Religious Bigotry in Colorado The anti-Catholic Blaine Amendment is Used to Kill Vouchers.

http://www.wsj.com/articles/religious-bigotry-in-colorado-1435873668

This week the Colorado Supreme Court dusted off a relic from the state’s anti-Catholic past to strike down a school voucher program. The charming result of this less-than-charitable secularism will be to deny poor children their right to a good education.

Taxpayers for Public Education v. Douglas County challenged the Choice Scholarship Program in the state’s third largest county. Since 2011 the program has offered voucher grants to help students defray the cost of tuition at some 23 private schools that they otherwise could not afford.

The Colorado Supreme Court held 4-3 that because 16 of these schools are “religious in character,” the program violates a section of the state constitution that states no taxpayer funds can be used to “support or sustain” any institution controlled by a “sectarian denomination.” Amid the nativist wave of the 1870s and 1880s, 39 states came to adopt these so-called Blaine Amendments that were meant to target immigrants, religious minorities and Catholic parochial schools.

According to the court’s liberal justices, the Blaine Amendment means that “no state funding whatsoever” can be provided to parents who might use them at a religious school. This will come as news to the U.S. Supreme Court, which in a landmark 2002 decision held that school vouchers like those in Douglas County that indirectly benefit religious institutions do not amount to the state establishment of religion.

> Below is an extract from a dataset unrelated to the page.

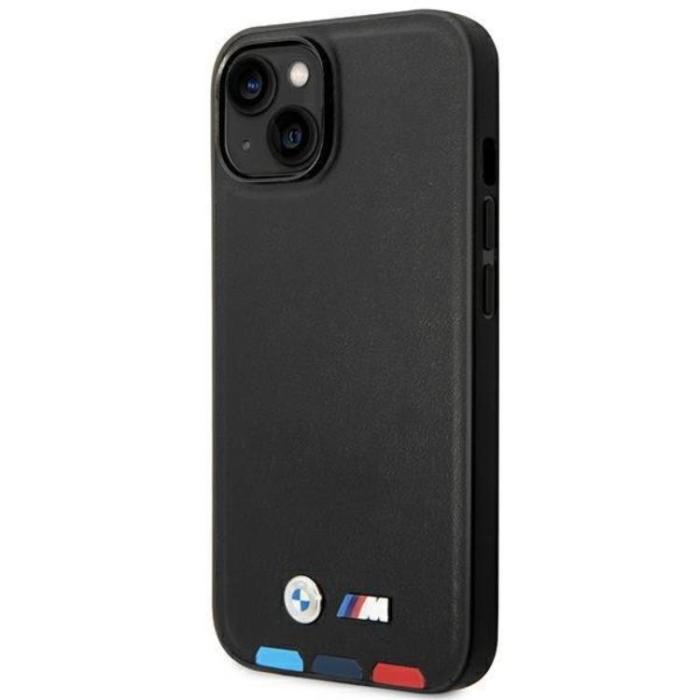 BMW - BMW iPhone 14 Skal Magsafe Läder Stamp Tricolor - Svart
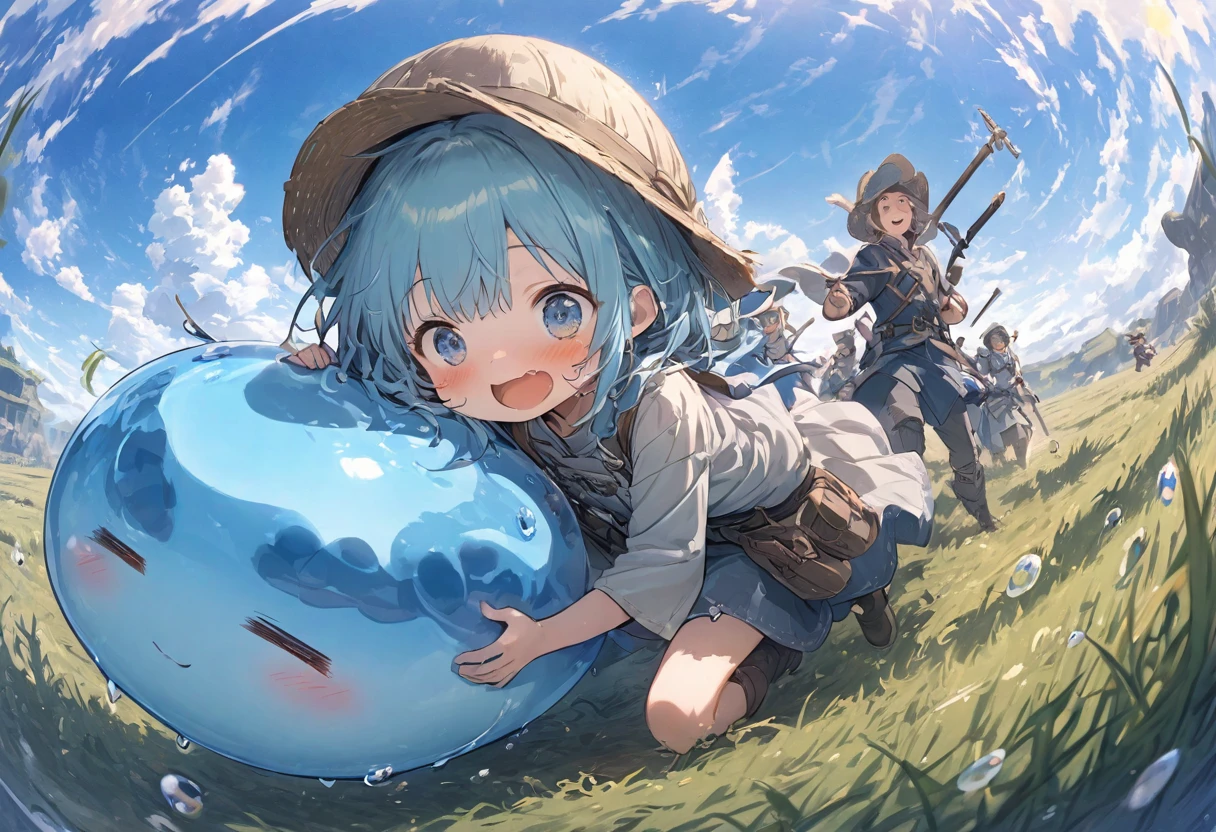 A small, blue-haired swordsman riding a blue slime, grassland、Clear blue sky、adventure、Fisheye Lens:1.2、Feel the depth、Fun Expressions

As Colorado Justice Allison Eid notes in a dissent, the decision is so “breathtakingly broad” that it would likely invalidate any number of state programs—roads, bridges and sidewalks—because they too help “support and sustain” religious organizations. She adds that the majority “simply stuck its head in the sand and hopes that because it cannot see the allegations of anti-Catholic bias, no one else will.”

What Justice Eid means is that under several Colorado precedents, the state courts usually weigh the xenophobic origins and animus of laws when deciding if the state constitution is enforceable. Presumably the court’s liberals dropped that obligation because they preferred the anti-choice outcome.

If there’s a silver lining, the Douglas County school district may appeal to the Supreme Court, which could decide if state Blaine Amendments are constitutional. These effluents of the 19th century have overstayed their welcome, especially if they’ve merely become a pretext for modern liberals to undermine school choice for kids.